■ INPUT MATERIAL ■
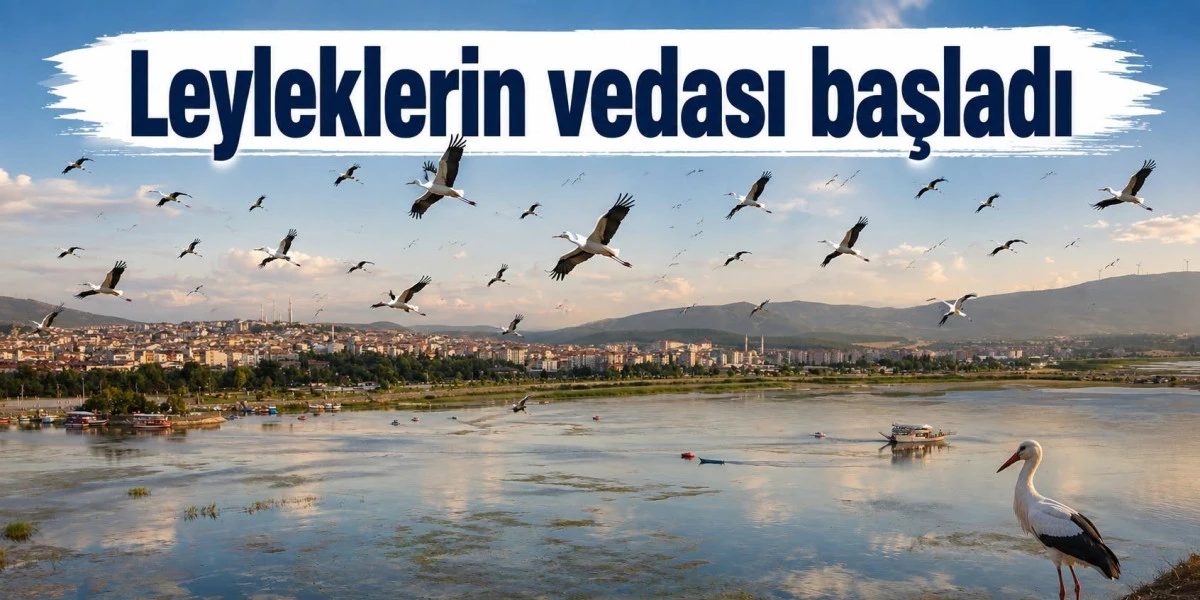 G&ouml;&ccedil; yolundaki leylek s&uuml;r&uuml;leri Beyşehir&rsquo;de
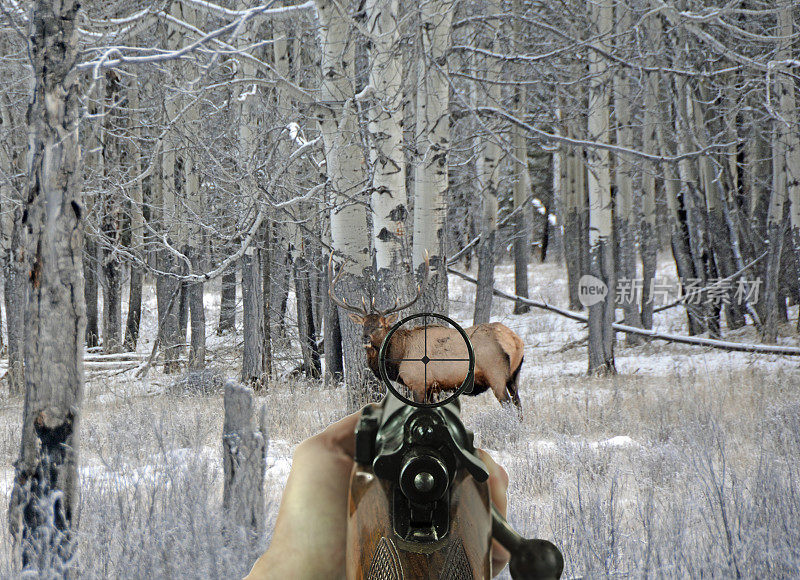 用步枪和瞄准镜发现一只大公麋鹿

==

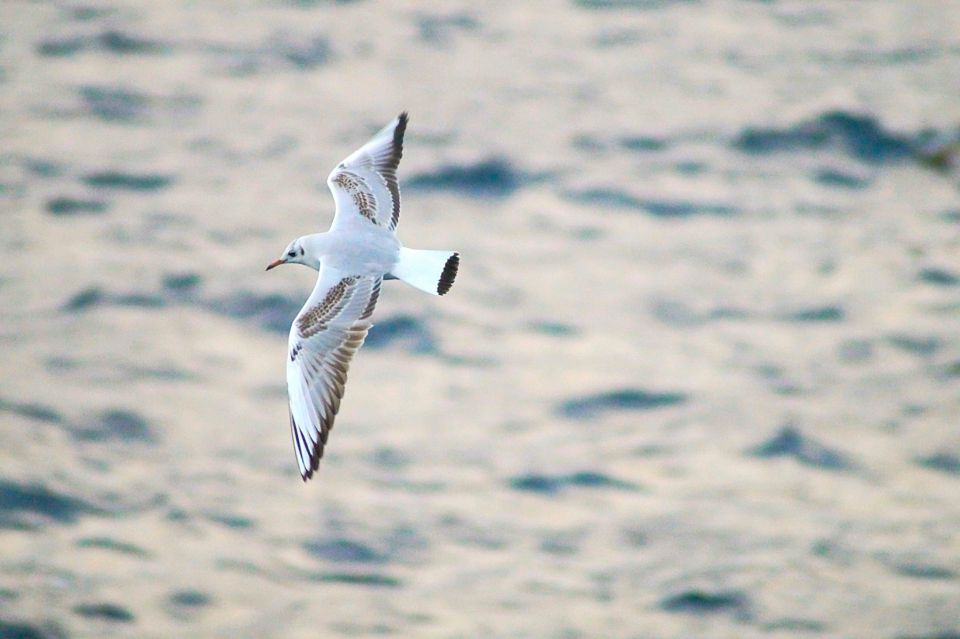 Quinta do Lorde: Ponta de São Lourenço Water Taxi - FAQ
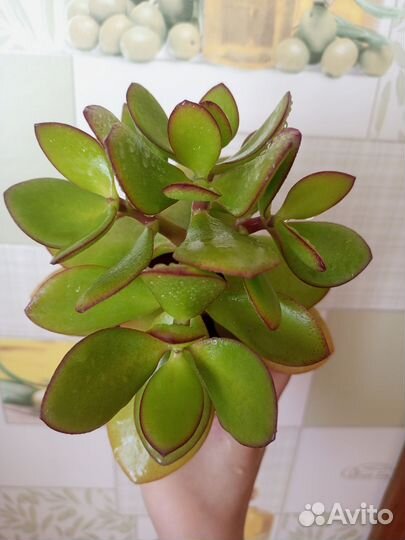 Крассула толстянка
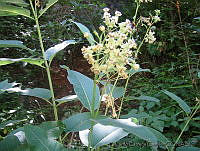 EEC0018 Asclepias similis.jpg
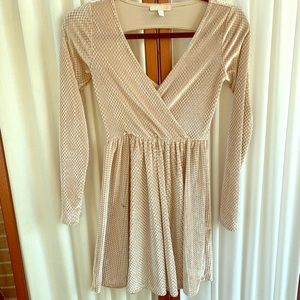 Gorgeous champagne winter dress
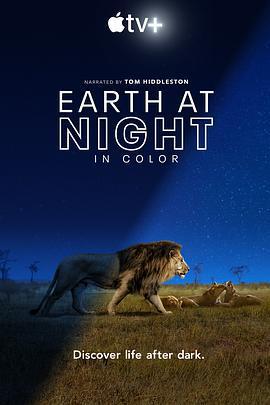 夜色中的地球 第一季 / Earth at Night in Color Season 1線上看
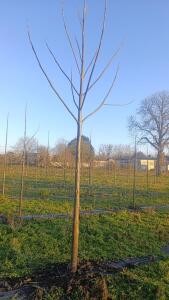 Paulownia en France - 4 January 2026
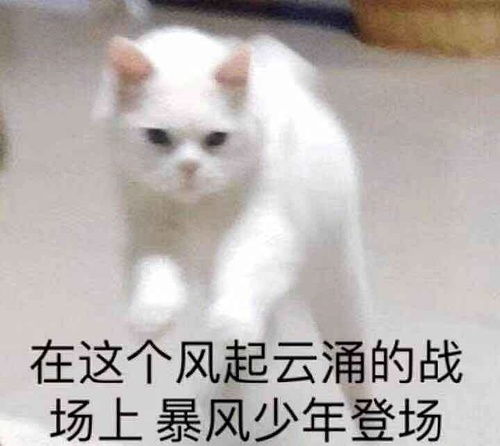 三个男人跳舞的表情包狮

■ ACTIVITY ■
Pictures excluded, reproduce only the part above that opens with the line holding "EEC0018 Asclepias similis.jpg" and closes with the line holding "三个男人跳舞的表情包狮", exactly as written.

■ FINAL ANSWER ■
 EEC0018 Asclepias similis.jpg
 Gorgeous champagne winter dress
 夜色中的地球 第一季 / Earth at Night in Color Season 1線上看
 Paulownia en France - 4 January 2026
 三个男人跳舞的表情包狮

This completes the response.